もう光は早春を帯びているものだから、空は恥らうような薄青色に晴れ渡り、
一昨日降った雪が家々の屋根から時折思い出したようにドスンと落ちる音ではっと我に返る。
雪解け水の音、それは、どこをどう流れ消えてゆくのか。自分が溶けてゆくような錯覚。
どこまでも潤って、光に向って、伸びをする。豆の木のようにするすると空に手を伸ばし、
面白がってくねくねと身をたわませながら、春を遊ぶのだ。

そうやって、春がくるはずだった、去年も。

押し寄せてきたのは、雪解けの水ではなくて、
塩辛く、苦く、体ごと押し潰してゆくような瀑布のごときそれだった。
時に黒煙をあげる火さえも舌先に携えながら。


また、来るのだろうか。
また、それは来るのだろうか。

本当はとても怖い。身を縮ませて消え入りたいほどに怖い。

おかしなものではないか。きのう、同僚と話していた。
必ず、そういう目にあうのだと知っていながら、わたしたちは、その土地を動かない。
蛇に睨まれて動けなくなっている蛙のようでもあるけれど、それとも、やはり違う。

「ここで」生を繋ごうとすること。
災禍を想定していないのではない。本能は、災禍の悲劇など刷り込み済みで
それでも尚生き残る何パーセントかを、「この場所」でつなげてゆくことに賭けているかのようだ。

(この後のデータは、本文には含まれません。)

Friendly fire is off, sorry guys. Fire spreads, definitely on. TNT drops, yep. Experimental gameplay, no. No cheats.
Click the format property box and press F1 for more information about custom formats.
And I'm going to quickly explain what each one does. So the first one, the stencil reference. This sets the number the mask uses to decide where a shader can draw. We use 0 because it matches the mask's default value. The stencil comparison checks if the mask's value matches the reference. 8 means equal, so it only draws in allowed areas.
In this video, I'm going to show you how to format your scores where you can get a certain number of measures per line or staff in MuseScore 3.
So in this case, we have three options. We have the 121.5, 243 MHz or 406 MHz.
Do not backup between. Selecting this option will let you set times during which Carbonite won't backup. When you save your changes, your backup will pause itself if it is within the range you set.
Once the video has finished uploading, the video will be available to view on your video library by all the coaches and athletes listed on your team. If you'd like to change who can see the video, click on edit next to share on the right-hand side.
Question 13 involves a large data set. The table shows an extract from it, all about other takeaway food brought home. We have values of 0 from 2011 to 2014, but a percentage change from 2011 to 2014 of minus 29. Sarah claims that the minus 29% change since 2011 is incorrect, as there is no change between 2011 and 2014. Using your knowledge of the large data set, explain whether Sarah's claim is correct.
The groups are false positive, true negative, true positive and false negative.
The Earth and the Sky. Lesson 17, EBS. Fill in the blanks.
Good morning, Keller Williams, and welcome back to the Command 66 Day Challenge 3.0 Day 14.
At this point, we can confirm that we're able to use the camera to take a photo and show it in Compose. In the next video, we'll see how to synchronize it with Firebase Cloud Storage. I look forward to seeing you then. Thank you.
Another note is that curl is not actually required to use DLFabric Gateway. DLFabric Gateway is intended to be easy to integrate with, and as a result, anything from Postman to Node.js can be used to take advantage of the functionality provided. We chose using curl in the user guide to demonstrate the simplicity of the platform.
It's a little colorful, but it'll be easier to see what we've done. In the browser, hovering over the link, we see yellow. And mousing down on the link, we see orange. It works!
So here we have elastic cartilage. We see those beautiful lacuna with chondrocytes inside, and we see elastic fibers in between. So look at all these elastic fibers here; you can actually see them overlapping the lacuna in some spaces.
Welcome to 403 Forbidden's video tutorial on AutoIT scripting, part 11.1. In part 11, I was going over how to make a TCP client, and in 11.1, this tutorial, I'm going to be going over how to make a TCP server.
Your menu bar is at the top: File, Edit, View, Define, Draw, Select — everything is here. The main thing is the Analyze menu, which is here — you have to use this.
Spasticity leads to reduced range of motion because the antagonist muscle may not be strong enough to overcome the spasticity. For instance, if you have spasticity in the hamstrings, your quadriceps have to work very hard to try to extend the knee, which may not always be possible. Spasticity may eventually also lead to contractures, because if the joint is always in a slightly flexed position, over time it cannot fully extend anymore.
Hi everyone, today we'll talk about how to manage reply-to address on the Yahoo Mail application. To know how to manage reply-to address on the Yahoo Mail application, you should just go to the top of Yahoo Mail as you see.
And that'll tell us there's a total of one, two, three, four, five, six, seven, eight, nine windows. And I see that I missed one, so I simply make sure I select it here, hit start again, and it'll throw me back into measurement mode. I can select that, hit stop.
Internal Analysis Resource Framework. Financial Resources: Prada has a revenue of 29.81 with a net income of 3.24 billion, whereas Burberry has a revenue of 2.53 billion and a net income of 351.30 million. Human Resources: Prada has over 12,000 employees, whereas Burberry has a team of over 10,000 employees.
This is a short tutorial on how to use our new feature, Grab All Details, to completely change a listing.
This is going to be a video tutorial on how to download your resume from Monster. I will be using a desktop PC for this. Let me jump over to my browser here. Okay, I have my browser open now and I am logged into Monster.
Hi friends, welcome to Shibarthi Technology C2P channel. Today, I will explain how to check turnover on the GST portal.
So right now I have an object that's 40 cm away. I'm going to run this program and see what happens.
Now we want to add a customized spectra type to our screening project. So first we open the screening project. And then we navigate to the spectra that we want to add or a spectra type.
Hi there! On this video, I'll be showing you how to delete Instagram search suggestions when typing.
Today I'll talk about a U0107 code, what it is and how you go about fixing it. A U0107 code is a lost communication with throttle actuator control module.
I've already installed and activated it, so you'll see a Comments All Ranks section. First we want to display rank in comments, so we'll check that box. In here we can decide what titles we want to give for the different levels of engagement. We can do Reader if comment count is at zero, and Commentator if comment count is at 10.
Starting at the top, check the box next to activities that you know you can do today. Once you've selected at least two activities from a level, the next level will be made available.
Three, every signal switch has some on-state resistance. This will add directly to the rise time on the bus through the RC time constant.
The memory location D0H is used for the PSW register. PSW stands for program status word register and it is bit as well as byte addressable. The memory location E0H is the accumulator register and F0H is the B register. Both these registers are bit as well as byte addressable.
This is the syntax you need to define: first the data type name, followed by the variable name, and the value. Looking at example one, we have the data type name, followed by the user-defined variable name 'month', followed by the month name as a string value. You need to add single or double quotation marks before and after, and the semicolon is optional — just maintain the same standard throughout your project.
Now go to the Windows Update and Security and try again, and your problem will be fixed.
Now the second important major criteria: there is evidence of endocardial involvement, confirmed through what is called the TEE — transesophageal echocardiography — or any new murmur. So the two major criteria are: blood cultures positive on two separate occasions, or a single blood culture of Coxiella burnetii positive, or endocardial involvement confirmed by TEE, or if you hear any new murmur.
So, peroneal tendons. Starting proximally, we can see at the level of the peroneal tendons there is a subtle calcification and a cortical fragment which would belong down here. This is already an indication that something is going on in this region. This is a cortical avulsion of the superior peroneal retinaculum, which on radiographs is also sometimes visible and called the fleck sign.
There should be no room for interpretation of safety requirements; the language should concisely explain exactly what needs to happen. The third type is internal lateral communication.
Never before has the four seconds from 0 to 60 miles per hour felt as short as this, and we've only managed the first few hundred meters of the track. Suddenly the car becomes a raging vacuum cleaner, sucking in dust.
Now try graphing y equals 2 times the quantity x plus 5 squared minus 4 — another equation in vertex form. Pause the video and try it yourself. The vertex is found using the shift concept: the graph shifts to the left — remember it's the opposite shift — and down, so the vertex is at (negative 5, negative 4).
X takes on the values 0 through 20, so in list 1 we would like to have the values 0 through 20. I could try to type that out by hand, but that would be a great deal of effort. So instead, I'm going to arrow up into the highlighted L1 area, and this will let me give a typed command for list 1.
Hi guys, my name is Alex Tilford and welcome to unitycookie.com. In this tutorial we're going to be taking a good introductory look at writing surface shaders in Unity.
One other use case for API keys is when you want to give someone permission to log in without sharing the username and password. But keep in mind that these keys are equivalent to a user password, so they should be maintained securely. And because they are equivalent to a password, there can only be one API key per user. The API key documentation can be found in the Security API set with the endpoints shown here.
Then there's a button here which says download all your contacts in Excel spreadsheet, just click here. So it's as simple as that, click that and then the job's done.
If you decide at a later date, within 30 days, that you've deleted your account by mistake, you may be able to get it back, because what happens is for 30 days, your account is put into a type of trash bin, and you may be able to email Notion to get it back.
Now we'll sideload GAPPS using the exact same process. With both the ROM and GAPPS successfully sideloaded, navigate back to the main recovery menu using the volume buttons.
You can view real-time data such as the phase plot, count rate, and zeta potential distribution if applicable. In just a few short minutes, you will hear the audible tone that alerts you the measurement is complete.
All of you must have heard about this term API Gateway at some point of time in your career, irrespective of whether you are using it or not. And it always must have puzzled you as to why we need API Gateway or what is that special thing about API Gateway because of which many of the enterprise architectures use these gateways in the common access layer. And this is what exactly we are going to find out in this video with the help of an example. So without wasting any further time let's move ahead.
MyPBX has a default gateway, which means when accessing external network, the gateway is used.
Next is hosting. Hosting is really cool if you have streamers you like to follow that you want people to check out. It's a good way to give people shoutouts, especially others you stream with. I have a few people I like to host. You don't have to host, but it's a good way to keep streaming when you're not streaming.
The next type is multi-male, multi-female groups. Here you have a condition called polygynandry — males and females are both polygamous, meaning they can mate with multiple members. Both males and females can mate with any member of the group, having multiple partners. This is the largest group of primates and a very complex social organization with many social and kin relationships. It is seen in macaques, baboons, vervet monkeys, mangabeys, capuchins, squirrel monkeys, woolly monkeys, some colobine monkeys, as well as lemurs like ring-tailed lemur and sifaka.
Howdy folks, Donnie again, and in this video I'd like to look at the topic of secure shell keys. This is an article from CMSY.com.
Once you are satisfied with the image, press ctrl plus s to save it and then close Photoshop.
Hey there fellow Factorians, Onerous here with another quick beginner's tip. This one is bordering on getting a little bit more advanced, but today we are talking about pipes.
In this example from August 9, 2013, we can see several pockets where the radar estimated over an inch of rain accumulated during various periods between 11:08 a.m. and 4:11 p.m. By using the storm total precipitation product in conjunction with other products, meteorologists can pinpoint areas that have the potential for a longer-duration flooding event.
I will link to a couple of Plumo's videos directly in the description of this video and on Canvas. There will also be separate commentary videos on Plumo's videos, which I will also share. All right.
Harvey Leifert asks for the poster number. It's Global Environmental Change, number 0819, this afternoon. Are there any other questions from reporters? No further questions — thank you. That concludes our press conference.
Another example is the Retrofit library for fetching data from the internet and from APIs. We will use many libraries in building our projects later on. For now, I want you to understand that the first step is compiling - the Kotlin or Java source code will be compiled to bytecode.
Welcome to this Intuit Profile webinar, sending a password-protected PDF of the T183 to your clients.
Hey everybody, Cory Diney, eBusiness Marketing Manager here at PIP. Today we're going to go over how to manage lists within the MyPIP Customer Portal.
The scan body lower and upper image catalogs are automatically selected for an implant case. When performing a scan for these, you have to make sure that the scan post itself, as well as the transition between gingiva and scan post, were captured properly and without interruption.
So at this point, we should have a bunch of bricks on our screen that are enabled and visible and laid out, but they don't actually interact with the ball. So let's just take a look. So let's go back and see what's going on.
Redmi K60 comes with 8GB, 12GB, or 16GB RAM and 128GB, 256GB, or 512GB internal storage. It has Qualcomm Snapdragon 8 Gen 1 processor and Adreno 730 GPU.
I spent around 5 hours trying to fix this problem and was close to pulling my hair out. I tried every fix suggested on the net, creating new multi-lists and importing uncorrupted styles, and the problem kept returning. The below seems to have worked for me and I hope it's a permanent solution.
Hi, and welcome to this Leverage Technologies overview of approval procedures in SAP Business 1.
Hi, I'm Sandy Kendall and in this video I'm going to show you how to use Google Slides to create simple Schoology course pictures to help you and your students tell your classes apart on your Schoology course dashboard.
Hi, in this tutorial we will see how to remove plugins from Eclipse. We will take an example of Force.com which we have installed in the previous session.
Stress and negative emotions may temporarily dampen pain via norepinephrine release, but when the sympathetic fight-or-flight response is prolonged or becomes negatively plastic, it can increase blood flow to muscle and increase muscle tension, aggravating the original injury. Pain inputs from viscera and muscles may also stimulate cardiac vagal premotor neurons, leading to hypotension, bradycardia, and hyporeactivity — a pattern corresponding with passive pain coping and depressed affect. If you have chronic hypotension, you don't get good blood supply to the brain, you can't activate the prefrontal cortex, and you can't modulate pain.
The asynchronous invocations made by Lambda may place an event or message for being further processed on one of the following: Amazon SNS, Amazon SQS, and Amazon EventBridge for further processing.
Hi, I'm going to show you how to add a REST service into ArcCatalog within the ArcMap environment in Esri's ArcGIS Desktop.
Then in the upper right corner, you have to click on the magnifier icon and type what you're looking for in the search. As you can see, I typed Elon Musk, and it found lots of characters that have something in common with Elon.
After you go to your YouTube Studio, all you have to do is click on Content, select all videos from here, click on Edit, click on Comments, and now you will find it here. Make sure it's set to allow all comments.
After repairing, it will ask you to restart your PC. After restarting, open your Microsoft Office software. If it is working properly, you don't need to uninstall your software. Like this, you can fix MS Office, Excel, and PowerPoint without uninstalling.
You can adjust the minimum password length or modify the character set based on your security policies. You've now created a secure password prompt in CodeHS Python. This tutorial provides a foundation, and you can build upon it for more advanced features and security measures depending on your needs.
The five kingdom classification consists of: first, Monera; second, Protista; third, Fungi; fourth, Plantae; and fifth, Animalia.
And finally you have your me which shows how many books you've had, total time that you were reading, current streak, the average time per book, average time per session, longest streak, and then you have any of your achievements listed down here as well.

たとえ、平均寿命が50年縮まったとしても、30年の寿命のなかで、80年に匹敵することを
成し遂げえる知能を与えられた人類は、それゆえに、多くの悪どい詭計を測り、富に目のくらむ
醜態をさらしてきたけれど、もっと別の生き方を選ぶことができるなら、すこしでも善い本能だけで
この一年を生ききることだけを考えて暮らせるならば、災禍のあとに生き延びてくれる誰かに
なにか善いものを残せるだろうか。

死ぬのは怖いけれど、その最後の一日を、期せずして清らかな気持ちでいられたというなら、
それはそれで幸せなことだと考えてみようかと思う。そうであれたらいいと思う。